Can the Court considering a merit appeal cure defects in an order given by the Council.

 Another interesting aspect of the decision was Justice Craig’s consideration of the power of the Court, considering an appeal under s 180 of the LG Act, to cure defects in the giving of an order when conducting a merits review hearing.

It was argued by Mr McCudden that as there was no power to issue an order, the order that was issued was invalid or a nullity and accordingly the Court had no order in respect of which the Court could exercise its broad powers.

Justice Craig considered that the jurisdiction of the Court under s 39 of the Land and Environment Court Act combined with the broad powers afforded to the Court conducting merit review under s180(4) of the LG Act allows the Court to address or cure a defect present in the order given by the Council (Twist v Randwick Municipal Council [1976] HCA 58 per Barwick CJ at 110 -111 and Mason J at 116).  This could extend to curing a failure to provide adequate reasons if such a failure existed.

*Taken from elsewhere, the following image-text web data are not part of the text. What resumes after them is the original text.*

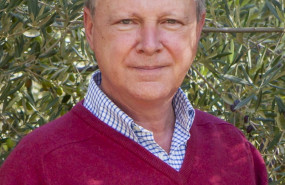ep archivo   francisco vano director general de grupo castillo de canena y presidente de grandes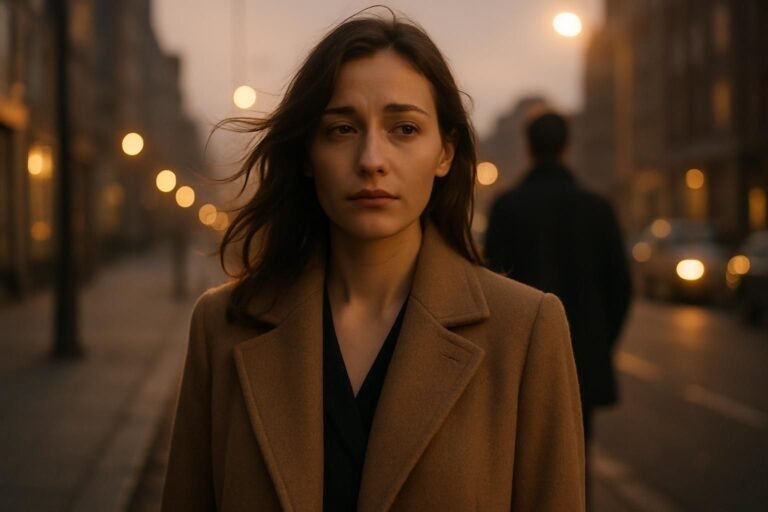 Découvrez comment réagir avec maturité et préserver votre dignité lorsque un homme vous quitte. Conseils pour gérer la séparation avec respect et sérénité.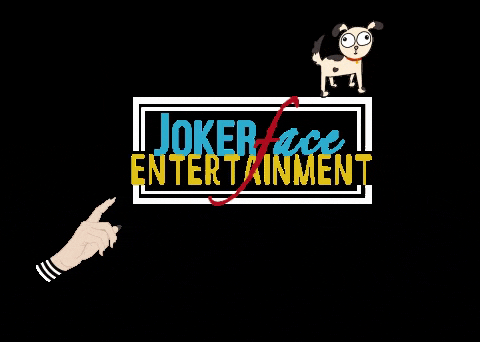 Jokerfacefilms giphyupload face entertainment joker GIF
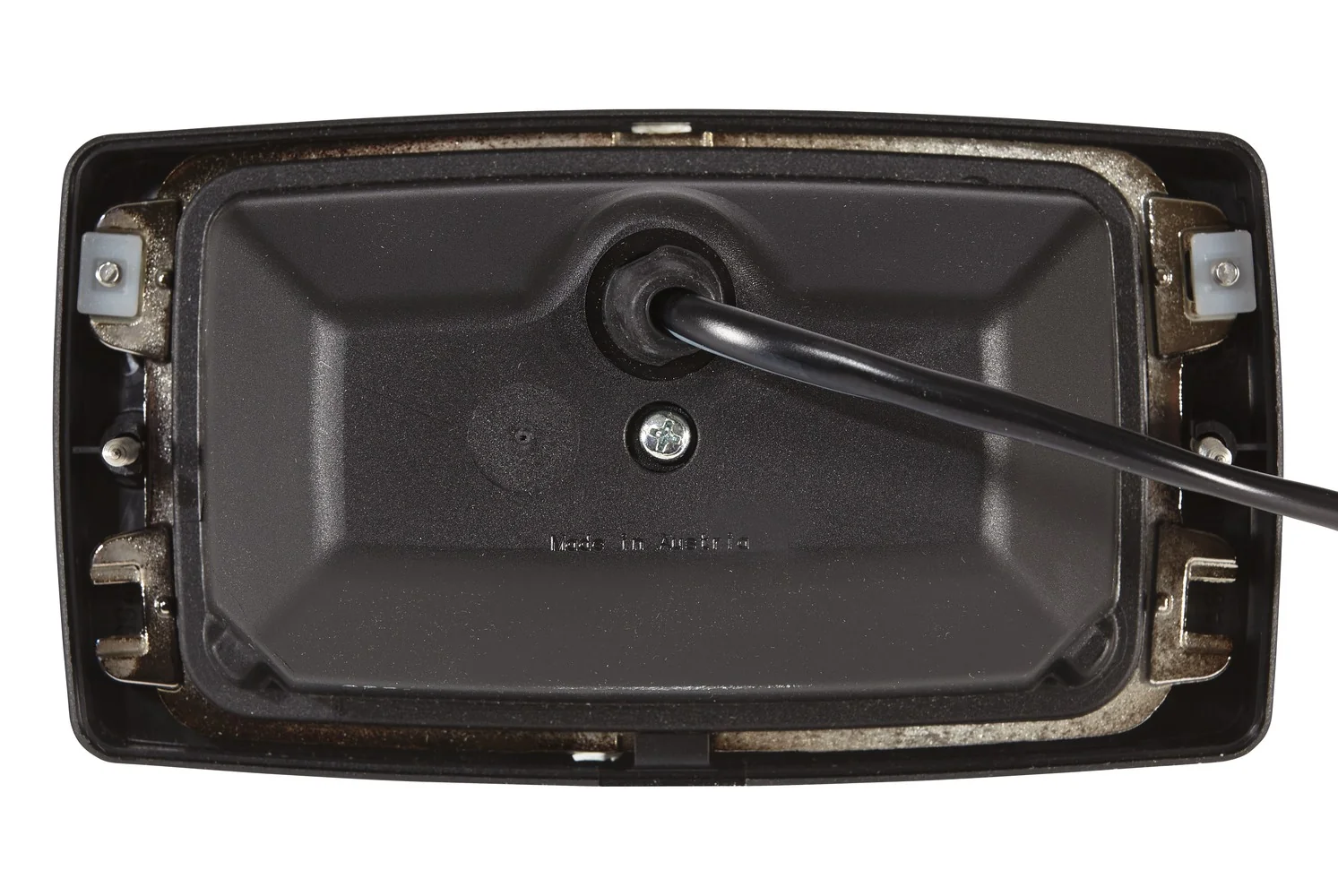 HELLA - 1GB 996 080-001 - Halogen-Worklight, Double-Beam, 12/24V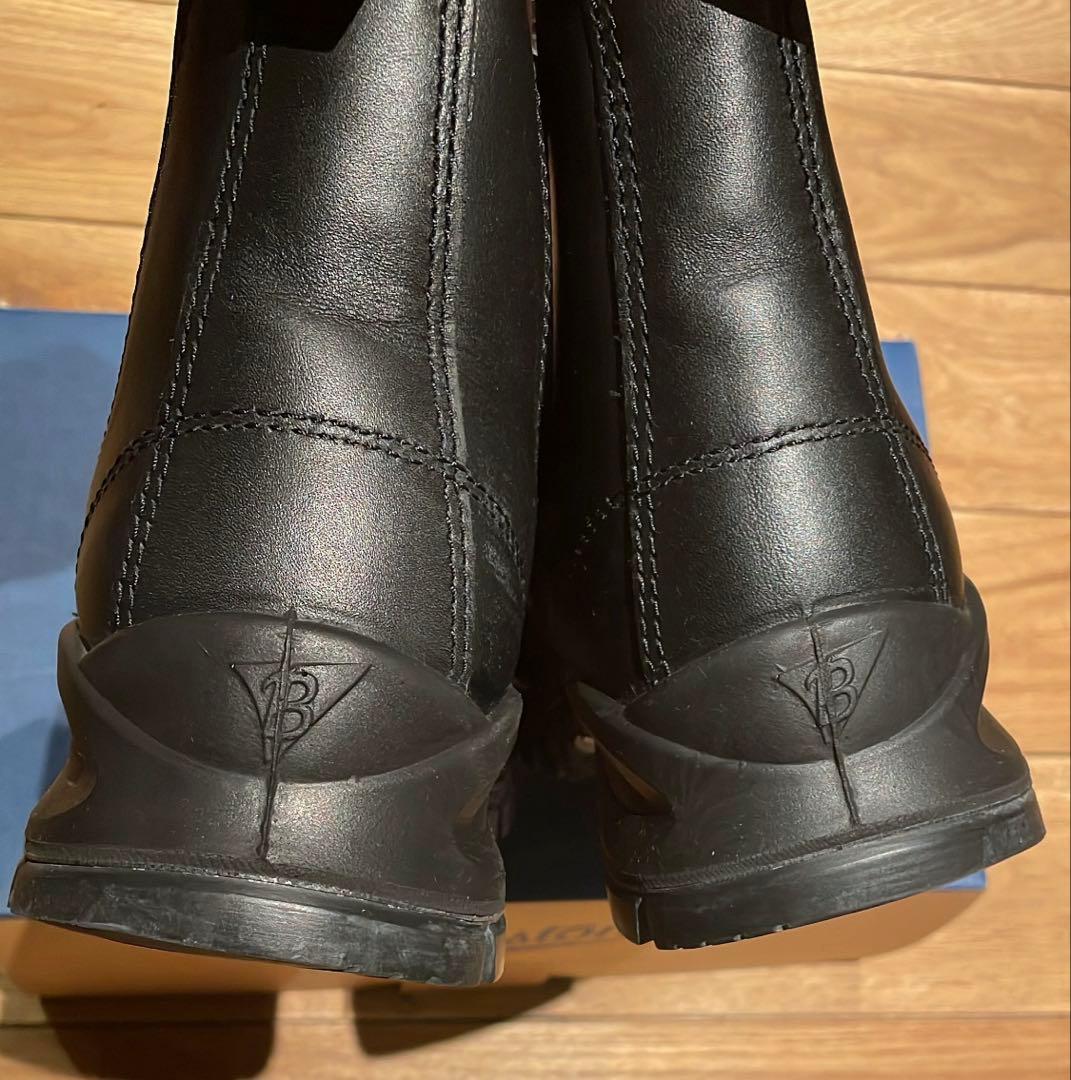 ブランドストーン ELASTIC SIDED BOOT 2240 UK7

The Court considering a merit review considers the decision to give an order afresh and the terms of any such order. The Court, under s 180, determines whether an order of the kind the Council seeks should be given and if so in what terms for itself based upon material before the Court.

Justice Craig answered all of the questions in favour of the Council and returned the matter to the Registrar’s list for a hearing date to be set for the substantive proceedings.